While the author does hedge his conclusions (even including a “probably” in the title), his claim that self-selection bias has been removed is negated by the myriad other confounding factors the experimental design has introduced. Without adequate controls, there is no way to tell from the study the causation of any effect seen. To do that, the gold standard is a randomized, controlled trial, but these are much harder to do than observational studies.
And so we have a literature that largely consists of lesser-quality correlative studies that are contradicted by the small number of those with a more rigorous experimental design. There may indeed be an OA citation advantage, but until there is reproducible experimental evidence that it exists, it remains, at best, speculation.
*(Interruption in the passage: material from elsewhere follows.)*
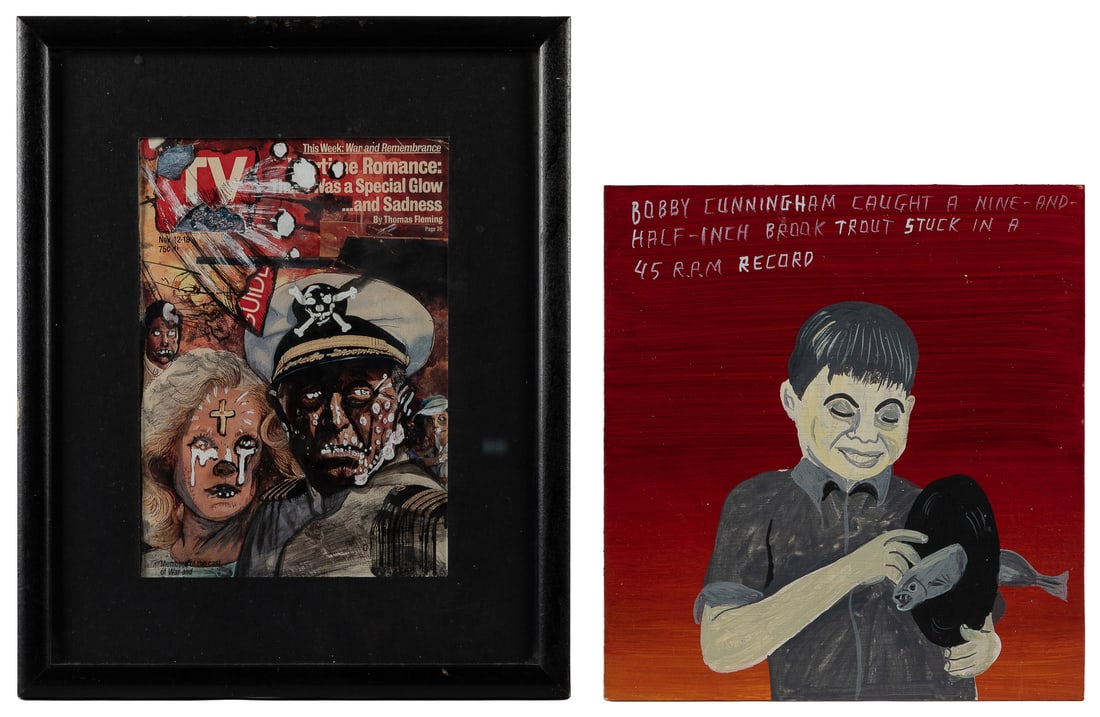 ARTISTS UNKNOWN. Two Untitled Paintings. Circa 1990s. Inclu... (1 of 1)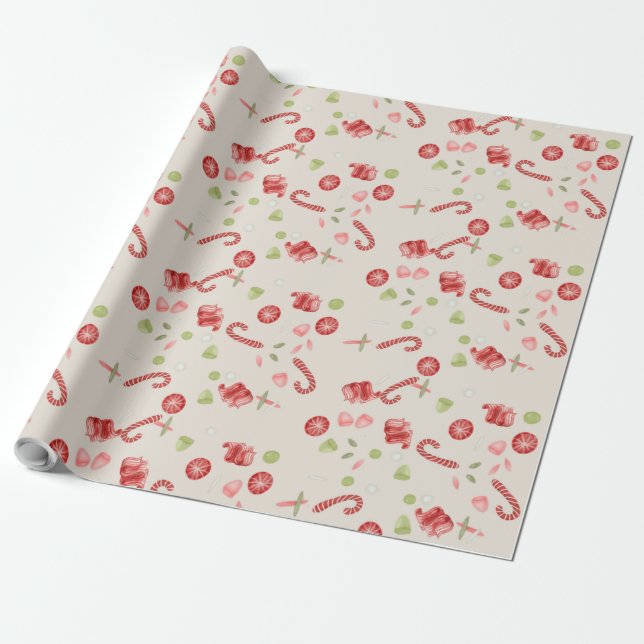Old Fashioned Holiday Candies Wrapping Paper (Unrolled)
Performing more and more correlative studies without proper controls will still not be adequate to prove causation. In science, quantity should not trump quality.
The likely next battleground for this type of wishful thinking is the impact that social media plays on readership and citation of scholarly articles. Initial observational studies and anecdotes suggest a correlation between a paper appearing in various types of social media and increased readership and citation. Yet two randomized, controlled trials done by the journals Circulation and International Journal of Public Health showed no impact of social media activity whatsoever on readership (both studies) or citation (the latter study). Both studies are fairly limited, but the authors do a good job of carefully stating their conclusions — neither makes a blanket statement and both suggest the subject to be complex, rather than social media being without value or providing an automatic boost across the board.
Like the OA citation advantage studies, there are conflicting agendas that will come into play here, with both advocacy and financial gain potential factors in the conclusions one draws.
There remains something distasteful, if not downright unethical in suggestions that authors can buy a better reputation by paying for services, whether OA or promotional. Because of this, we must not let down our standards for scientific rigor, even if we really, really want something to be true. Bibliometricians, if you’re going to work in this area, you need to step up your game, and journal editors, you must hold them to the same high standards to which you hold other authors.
Remember, “I’ll believe it when I see it” is science. “I’ll see it when I believe it,” is religion.